Most impressive to me is the forgiveness and love that Corrie and her sister Betsie ten Boom extended to the very people who were killing and harming those they most loved. In the darkest places on earth known as the Nazi Concentration Camps, where death and hatred enveloped the facilities, the ten Boom family members epitomized the forgiveness and love that our Savior asks that we offer to those who hurt us the most deeply in this life. Corrie wrote in The Hiding Place in reference to a Nazi, "He has been taught wrong. By watching us, seeing that we love the Bible and are truthful people, he will realize his error." Let us think of a person who has hurt us more deeply than anyone else on earth and then ask ourselves if we are looking at that person with the same type of understanding, love, forgiveness, and hope that the ten Booms felt for the Nazis. If not, time with the Lord is warranted.
In my life, learning to forgive my enemies and to love even the vilest of people has been a lesson that took years to master consistently. Still, I fail at times, when I am deeply hurt and my flesh lunges forward, desiring to return evil for evil. Yet, now I more quickly recognize when I have failed in my love and forgiveness walk and I seek His forgiveness and love so that I can better extend forgiveness and love to those people in my life who inflict hurt and heartache.

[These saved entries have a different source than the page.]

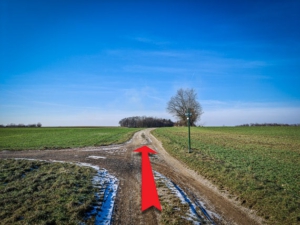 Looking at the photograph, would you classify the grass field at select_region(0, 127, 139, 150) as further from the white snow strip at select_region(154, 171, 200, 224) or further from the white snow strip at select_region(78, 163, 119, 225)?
the white snow strip at select_region(154, 171, 200, 224)

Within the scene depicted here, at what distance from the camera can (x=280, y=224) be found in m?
5.68

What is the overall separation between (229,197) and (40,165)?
502 inches

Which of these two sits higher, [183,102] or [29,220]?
[183,102]

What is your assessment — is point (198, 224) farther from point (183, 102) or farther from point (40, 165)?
point (183, 102)

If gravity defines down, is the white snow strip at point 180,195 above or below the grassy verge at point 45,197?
below

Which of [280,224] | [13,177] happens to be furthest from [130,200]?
[13,177]

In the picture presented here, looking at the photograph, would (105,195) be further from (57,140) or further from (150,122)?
(150,122)

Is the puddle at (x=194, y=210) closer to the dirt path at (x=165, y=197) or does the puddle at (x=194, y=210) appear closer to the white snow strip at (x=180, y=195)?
the white snow strip at (x=180, y=195)

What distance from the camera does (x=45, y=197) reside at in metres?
A: 7.20

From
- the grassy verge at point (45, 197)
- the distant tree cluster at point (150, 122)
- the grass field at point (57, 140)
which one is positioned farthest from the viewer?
the distant tree cluster at point (150, 122)

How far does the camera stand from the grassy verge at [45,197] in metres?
5.69

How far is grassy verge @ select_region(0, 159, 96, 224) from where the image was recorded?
18.7ft

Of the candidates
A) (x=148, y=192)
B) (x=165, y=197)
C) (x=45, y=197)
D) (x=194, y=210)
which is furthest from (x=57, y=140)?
(x=194, y=210)

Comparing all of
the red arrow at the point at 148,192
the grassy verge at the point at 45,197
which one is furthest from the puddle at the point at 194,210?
the grassy verge at the point at 45,197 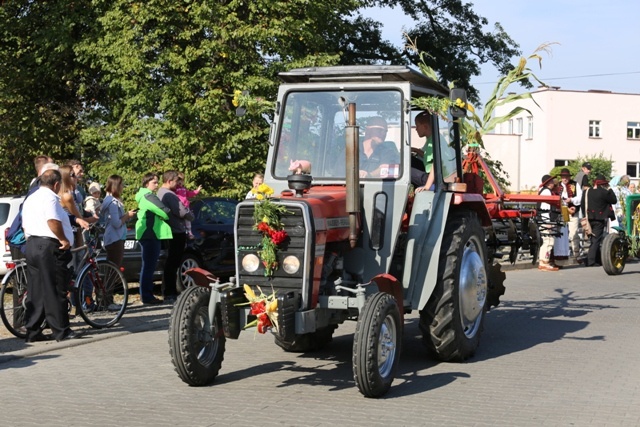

Sometimes, even people such as these sister saints of God, suffer greatly during this life. Yet just as it is my prayer to remain in His will and plan for my life, never to be distracted by disappointments and heartache, we must be focused and purposeful in living our lives. Otherwise, the enemy of our souls attempts to distract us and tug at our heart strings. Ten Boom prayed, “Lord Jesus, keep me in your will. Don’t let me go mad by poking about outside of it.” All too often I have known believers who are struck with life tragedies and who allow the grief of these events to push them from God’s will for their lives. Now that is a tragedy beyond death, illness, poverty, heartache, or other losses. When we remain solidified in the center of God’s will for our lives, we manage to sail through life storms with the peace that He intended for His children.
Betsie ten Boom suffered a life of physical suffering. Throughout her life story’s telling, I related intensely to Betsie. Fortunately, most people don’t suffer with physical ailments for years, yet for those of us who face chronic health challenges, key to our living productive, happy lives reflective of our Heavenly Father is the ability to eliminate hatred, doubt, unforgiveness, guilt, and anger at God. About Betsie, Corrie penned that her sister lived “in a prison of a crippled body”. Yet in that “prison of a crippled body”, she lived in the walls of the concentration camp and faithfully shared the Gospel with her fellow prisoners. The sisters prayed, not focused on their own desperate needs and situation, but for the needs of people around the world and their fellow captives. And they prayed for those very despicable people who held them captive and killed their family, acquaintances, and friends.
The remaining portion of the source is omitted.